王冲道:“无妨,我会时时从山上抄录书册下来,断不至于让学童们无书可读。”清微子击掌赞叹道:“王小友此举大善,可谓是功德无量。”王冲顺势道:“既是功德无量,道长何不共襄盛举?”清微子面露疑惑, 问道:“小友此言何意?”王冲应道:“若将陈老师家改为书楼,虽方便了村中学童阅读,但难免会有些调皮捣蛋之人毁坏书籍,又或是借书不还,据为己有还让旁人无书可读。是以书楼还需一位看楼人,不知道长意下如何?”
清微子并未将皇命一事告知王冲,一是觉得王冲如今的年龄不适合知道此事,二是觉得自己一副世外高人的形象,却受制于皇权,教人有些难堪。闻言,清微子面露难色,却又不好拒绝,便道:“此事重大,尚需与村中商量一二。”王冲则道:“道长不必担心,这件事我便能做主。”清微子无奈,便再退一步道:“便是村中都同意了,也还要再问过前辈才是。”王冲心生疑惑,不知此事为何会与闲云山人牵扯起来,但见清微子摆出一副高深莫测的模样,便不再多问,道:“既然如此,便等老师回来了,我再请教一下吧。
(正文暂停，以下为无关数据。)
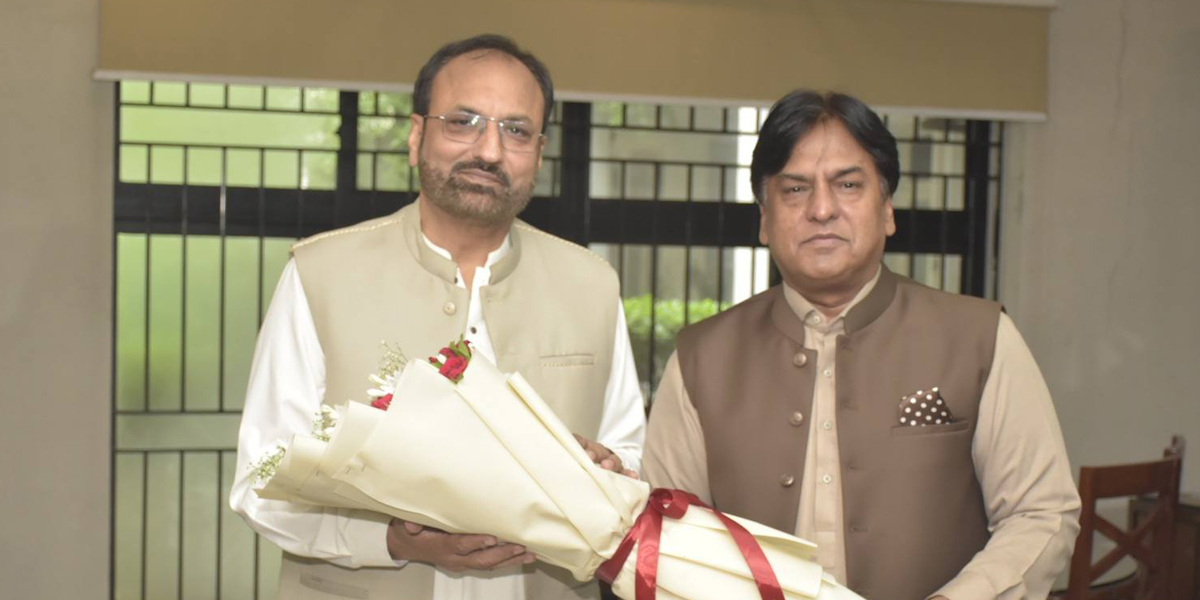 Prof. Dr. Syed Amer Mehmood Meets VC UET During Visit to UET Lahore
”
于是清微子便与王冲一同住在了陈且隐家。王冲白日去学堂讲学,清微子便在一边旁听,时不时还为王冲补讲一些。到了晚上,二人便一同整理陈且隐的藏书,并将陈家稍作划分,做出了书楼的雏形来。两人一连忙活了三日,四日清晨,一只麻雀从山上飞来,直直的落在王冲头顶,王冲这便知道闲云山人已经回山,便叫上清微子一同上山拜见老师。
而那清微子却是定了主意,准备借此机会告别,随后往青城山一行,拜访老友后便准备再度启程东行,出海访仙。两人各有心事,匆匆上山而去,途中竟是未作交谈,一味赶路罢了。